Few of the signs and chants addressed the Confederate monument, but it loomed across the street from the protest, and there’s little doubt that those who joined Wednesday’s protest want it gone. On Monday, a host of community leaders, including Burlington Mayor Ian Baltutis and representatives of Elon University and Cone Health, called for the relocation of the monument. The five-member Alamance County Commission has signaled they have no intention of taking action on the matter.
The five seats on the commission, which are all elected at large, are currently filled by five white Republicans. Dreama Caldwell, who joined the protest on Wednesday, is part of a slate of Democrats vying for three of the seats that are up for election this year.
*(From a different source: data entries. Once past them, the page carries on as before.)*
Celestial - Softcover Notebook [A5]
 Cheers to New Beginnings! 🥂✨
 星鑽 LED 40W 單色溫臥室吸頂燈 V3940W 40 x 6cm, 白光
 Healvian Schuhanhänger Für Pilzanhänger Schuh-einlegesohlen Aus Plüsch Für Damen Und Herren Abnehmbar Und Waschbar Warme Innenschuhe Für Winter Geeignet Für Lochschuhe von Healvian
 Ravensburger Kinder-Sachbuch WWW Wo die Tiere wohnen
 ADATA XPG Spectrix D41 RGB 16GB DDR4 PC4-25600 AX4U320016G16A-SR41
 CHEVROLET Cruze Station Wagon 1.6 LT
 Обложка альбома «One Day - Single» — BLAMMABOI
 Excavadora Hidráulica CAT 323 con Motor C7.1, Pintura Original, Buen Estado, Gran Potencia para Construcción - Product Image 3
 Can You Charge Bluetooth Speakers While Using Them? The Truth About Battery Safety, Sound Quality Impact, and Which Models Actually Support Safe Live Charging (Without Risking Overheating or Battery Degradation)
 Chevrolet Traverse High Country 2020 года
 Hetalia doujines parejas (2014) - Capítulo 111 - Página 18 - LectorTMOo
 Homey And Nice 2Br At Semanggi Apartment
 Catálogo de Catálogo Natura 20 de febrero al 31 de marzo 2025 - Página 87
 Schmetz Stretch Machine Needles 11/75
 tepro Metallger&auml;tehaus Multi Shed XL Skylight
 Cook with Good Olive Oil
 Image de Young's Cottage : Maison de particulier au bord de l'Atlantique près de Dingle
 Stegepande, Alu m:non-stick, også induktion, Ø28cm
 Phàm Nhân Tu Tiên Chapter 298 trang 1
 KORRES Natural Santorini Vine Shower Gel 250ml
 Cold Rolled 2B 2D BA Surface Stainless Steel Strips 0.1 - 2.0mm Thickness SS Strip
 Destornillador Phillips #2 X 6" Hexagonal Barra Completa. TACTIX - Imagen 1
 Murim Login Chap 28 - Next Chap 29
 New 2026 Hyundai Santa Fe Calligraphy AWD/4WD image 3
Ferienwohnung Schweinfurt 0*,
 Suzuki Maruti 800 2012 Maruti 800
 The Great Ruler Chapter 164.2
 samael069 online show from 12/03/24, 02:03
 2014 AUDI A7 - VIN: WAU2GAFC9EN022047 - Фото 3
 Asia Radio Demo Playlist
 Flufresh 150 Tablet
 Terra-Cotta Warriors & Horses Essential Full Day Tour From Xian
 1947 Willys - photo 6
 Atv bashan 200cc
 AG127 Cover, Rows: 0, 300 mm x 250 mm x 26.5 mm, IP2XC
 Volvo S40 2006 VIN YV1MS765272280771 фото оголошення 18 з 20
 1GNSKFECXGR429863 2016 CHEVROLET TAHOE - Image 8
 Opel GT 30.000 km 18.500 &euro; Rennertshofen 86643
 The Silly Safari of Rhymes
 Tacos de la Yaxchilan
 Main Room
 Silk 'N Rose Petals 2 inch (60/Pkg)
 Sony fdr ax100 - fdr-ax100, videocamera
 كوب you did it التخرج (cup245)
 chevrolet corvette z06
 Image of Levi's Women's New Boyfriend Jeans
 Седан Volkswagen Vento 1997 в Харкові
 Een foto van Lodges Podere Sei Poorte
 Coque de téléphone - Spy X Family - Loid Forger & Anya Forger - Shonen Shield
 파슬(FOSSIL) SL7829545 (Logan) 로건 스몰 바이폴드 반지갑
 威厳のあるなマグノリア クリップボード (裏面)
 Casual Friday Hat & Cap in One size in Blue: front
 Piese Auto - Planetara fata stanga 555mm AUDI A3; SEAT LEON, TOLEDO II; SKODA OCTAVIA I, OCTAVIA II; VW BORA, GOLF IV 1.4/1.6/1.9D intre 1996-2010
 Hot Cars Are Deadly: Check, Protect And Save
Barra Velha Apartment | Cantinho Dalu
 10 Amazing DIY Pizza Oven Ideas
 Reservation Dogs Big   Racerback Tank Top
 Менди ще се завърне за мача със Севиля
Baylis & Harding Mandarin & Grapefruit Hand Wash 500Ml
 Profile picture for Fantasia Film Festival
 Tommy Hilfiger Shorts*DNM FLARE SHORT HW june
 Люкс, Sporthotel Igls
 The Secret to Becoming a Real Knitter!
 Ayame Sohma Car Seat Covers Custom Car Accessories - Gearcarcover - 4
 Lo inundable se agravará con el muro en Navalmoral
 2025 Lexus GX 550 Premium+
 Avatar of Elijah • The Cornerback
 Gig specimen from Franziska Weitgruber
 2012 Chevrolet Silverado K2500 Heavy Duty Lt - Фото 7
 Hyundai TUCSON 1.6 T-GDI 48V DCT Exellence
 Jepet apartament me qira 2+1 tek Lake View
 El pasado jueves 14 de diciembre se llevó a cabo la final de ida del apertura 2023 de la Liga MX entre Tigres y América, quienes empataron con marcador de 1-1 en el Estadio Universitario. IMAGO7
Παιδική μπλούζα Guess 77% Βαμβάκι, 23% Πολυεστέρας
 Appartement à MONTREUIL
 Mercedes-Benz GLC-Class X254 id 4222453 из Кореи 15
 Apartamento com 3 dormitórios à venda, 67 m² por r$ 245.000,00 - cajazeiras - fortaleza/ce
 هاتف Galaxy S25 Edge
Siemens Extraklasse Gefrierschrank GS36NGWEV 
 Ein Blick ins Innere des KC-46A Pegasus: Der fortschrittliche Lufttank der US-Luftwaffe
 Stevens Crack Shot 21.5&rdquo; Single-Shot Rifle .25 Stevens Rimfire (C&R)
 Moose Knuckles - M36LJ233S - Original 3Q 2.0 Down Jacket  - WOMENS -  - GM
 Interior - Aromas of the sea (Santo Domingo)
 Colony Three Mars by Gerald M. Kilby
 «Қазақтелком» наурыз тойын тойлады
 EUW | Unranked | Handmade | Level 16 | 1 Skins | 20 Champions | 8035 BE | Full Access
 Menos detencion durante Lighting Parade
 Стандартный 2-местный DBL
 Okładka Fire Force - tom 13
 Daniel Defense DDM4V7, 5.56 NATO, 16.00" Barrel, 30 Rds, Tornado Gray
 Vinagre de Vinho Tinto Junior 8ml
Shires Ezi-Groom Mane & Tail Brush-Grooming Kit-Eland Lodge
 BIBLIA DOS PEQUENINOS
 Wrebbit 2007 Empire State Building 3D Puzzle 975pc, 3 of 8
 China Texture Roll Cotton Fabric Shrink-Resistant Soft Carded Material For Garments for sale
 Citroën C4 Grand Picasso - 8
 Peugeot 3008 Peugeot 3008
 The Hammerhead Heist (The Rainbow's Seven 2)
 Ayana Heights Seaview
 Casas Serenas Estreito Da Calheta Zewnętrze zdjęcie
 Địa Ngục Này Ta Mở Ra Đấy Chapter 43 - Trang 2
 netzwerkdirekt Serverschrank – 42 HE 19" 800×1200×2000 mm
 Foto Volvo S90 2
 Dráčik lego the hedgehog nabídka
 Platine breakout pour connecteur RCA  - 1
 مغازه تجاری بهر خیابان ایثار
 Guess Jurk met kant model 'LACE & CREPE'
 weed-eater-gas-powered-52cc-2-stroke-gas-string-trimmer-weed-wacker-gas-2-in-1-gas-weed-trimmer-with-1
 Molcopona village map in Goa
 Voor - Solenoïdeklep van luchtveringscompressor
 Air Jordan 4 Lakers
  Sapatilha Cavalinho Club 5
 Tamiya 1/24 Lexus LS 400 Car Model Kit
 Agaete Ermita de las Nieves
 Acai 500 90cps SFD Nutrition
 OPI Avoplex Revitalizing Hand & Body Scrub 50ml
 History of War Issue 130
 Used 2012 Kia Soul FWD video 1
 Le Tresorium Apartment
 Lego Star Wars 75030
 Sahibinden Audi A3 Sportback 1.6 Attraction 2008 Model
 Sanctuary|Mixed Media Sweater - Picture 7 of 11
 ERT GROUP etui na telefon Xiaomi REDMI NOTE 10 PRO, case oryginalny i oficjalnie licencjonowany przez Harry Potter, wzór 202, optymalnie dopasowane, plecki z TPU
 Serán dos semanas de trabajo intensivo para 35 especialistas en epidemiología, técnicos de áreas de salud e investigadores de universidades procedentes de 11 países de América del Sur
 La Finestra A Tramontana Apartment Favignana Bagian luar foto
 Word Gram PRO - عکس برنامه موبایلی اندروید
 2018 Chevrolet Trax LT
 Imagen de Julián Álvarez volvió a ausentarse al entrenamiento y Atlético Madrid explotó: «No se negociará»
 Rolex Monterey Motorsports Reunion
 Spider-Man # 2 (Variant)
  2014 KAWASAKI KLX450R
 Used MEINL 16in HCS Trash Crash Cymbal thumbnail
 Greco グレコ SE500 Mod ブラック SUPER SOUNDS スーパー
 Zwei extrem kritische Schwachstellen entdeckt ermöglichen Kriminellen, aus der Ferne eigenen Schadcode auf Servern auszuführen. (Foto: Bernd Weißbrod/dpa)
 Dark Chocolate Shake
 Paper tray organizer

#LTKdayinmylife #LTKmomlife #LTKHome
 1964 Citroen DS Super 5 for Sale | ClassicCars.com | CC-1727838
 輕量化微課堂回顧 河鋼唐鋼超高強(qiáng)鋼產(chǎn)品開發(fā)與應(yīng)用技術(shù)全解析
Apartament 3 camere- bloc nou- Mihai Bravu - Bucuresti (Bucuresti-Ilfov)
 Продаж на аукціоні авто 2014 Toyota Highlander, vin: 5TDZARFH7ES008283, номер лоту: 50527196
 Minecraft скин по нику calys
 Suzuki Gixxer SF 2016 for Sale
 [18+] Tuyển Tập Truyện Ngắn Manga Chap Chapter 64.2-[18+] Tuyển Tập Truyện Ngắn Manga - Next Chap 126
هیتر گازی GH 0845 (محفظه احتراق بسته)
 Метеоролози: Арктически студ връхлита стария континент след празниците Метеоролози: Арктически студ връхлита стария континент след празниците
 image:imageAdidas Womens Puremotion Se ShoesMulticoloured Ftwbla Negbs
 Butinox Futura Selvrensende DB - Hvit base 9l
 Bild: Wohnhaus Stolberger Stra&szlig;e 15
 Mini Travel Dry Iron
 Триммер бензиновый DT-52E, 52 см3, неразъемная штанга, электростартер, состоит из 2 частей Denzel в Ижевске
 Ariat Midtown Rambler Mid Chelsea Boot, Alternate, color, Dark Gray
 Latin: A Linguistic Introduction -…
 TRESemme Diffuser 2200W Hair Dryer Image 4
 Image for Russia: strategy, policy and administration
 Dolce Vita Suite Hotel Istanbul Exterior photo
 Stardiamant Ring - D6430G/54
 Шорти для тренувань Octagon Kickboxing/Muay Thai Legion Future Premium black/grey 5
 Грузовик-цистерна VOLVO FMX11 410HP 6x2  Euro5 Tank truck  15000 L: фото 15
Caldwell, who is Black, said she’s sympathetic to the people who say they want to pay homage to their Confederate ancestors who died in battle.
“What I disagree with is that it’s in front of a public building,” she said. “If it was with a statue of Wyatt Outlaw and the Saponi Indians, whose land was stolen, maybe that would be another thing. But I think it belongs in a place like a cemetery or a battleground, where people can go pay homage.”
Caldwell emphasized that relocating the monument is not the end game.
“Knowing what I know about Wyatt Outlaw, he was lynched in a tree that is at the site where the monument is now,” she said. “It’s a reminder that it’s bigger than a statue. It’s evidence that we have work to do with the legacy of white supremacy.”